MATERIAL PROVIDED:
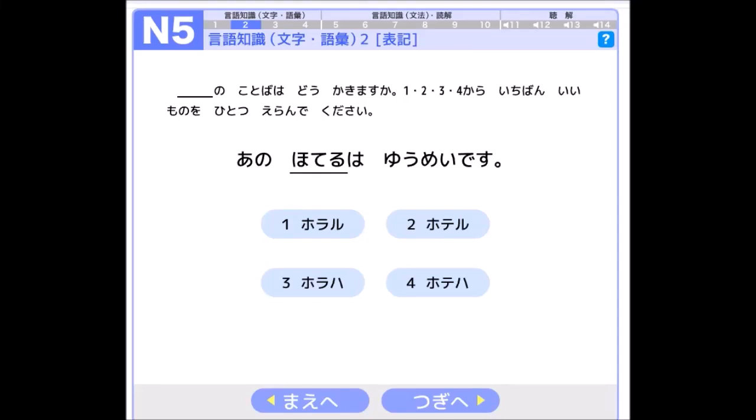In here we have the four choices that you have to choose, and in here they write: 下線の言葉はどう書きますか? 言葉 means 'the word' or 'the vocabulary,' and どう書きますか means 'how to write.' 書きます means 'writing' or 'write something down.' So どう書きますか means 'how to write.'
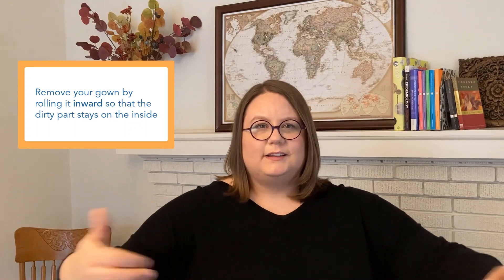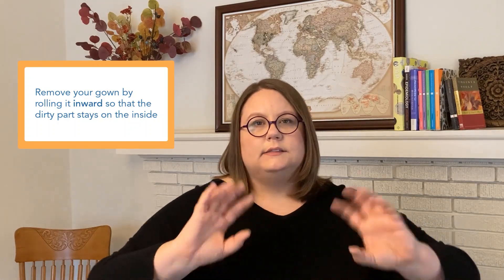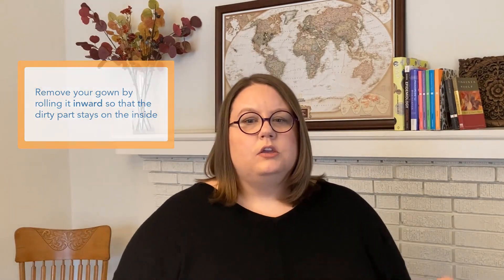When you take it off, take it off in a way that keeps things from spreading around. For example, you roll the gown inward as you take it off so that the dirty part stays on the inside and doesn't get on your hands. Roll it up and dispose of it in the garbage if it's a disposable gown, or put it in the laundry hamper or send it for reprocessing if it's a reusable gown.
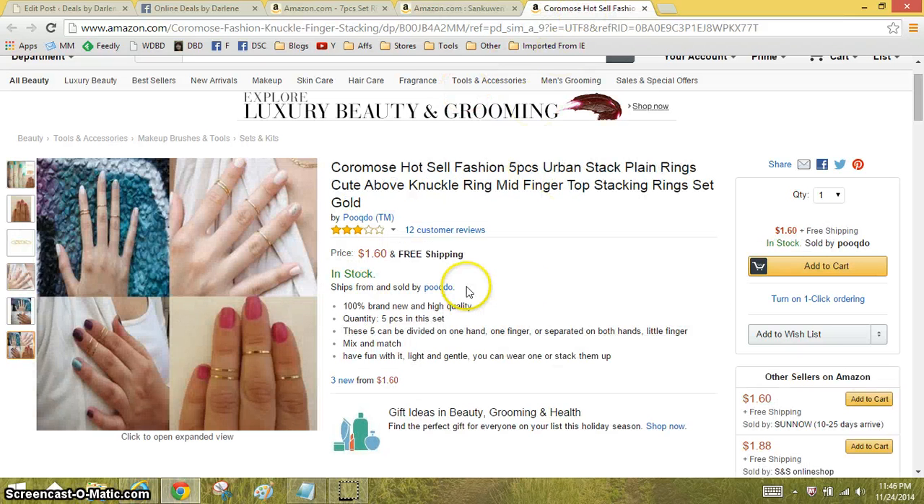And then the last one is just $1.60, free shipping. You get five. The rings are the same, but they're just simple little rings. And sometimes simple is awesome.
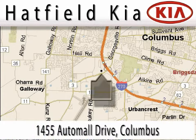Our main objective is to make your experience at our dealership a satisfying one, whether it's for sales, service, or parts. Thank you.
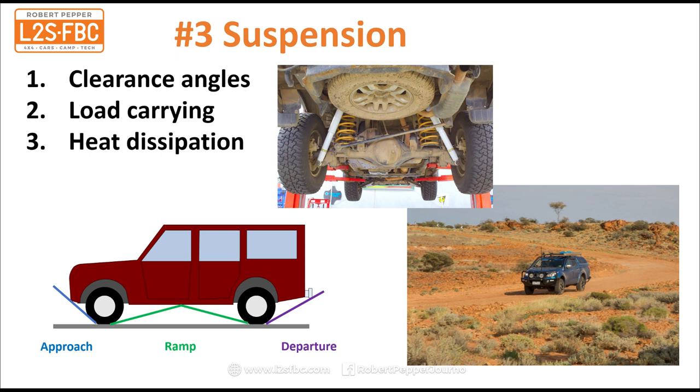Here we have a blue Triton in the Simpson Desert — it's heavily loaded and driving over corrugations. That generates a lot of heat in the shocks, and aftermarket shocks are better able to dissipate that heat because they're designed for it. The whole suspension is designed to carry heavier loads for long distances, whereas the standard suspension is often designed more for the vehicle to be unladen.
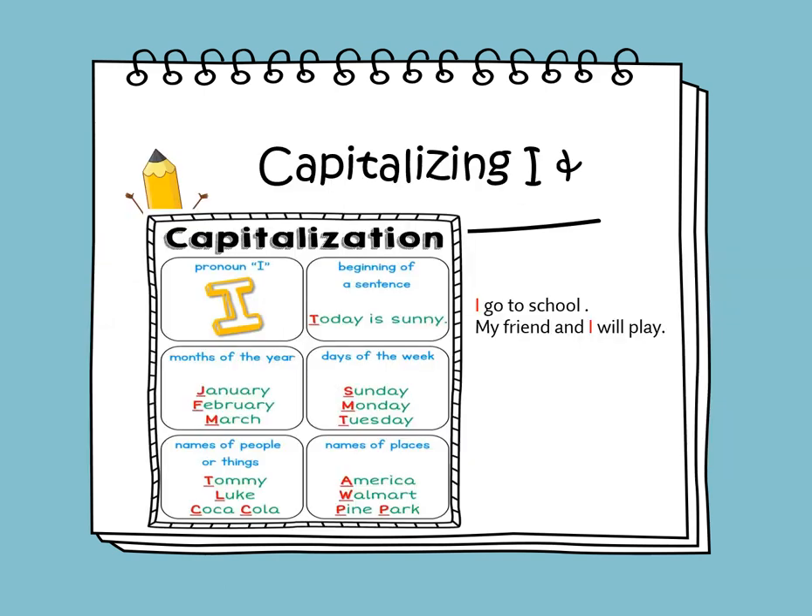We'll be learning about capitalizing the pronoun I. The pronoun I should always be capitalized, whether it comes at the beginning of a sentence or in the middle. For example, 'I go to school' — the pronoun I comes at the beginning, so it must be capitalized. In 'My friend and I will play,' the pronoun I comes in the middle and must still be capitalized.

PROBLEM STATEMENT: Only one stretch of the material above is wanted: the line containing "And then the" through the line containing "Our main objective". Restate it word for word, minus the pictures.

PROBLEM SOLUTION:
And then the last one is just $1.60, free shipping. You get five. The rings are the same, but they're just simple little rings. And sometimes simple is awesome.
Our main objective is to make your experience at our dealership a satisfying one, whether it's for sales, service, or parts. Thank you.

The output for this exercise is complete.